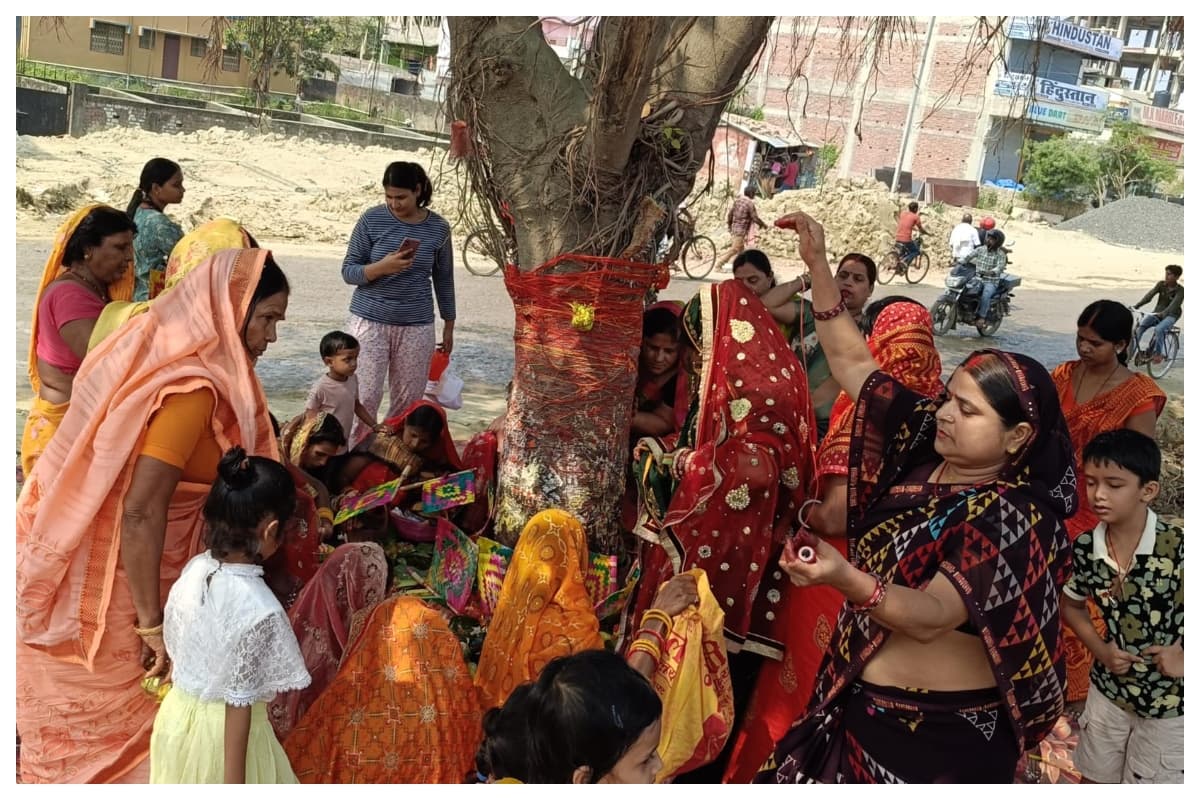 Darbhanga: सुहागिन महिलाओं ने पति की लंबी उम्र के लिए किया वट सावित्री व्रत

...

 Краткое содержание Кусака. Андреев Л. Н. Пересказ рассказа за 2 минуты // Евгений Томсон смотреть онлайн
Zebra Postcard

What to do:
The answer is the lines above between the line holding "Краткое содержание Кусака." and the line holding "Zebra Postcard", inclusive, each written out exactly, and no others.

Result of the task:
 Краткое содержание Кусака. Андреев Л. Н. Пересказ рассказа за 2 минуты // Евгений Томсон смотреть онлайн
Zebra Postcard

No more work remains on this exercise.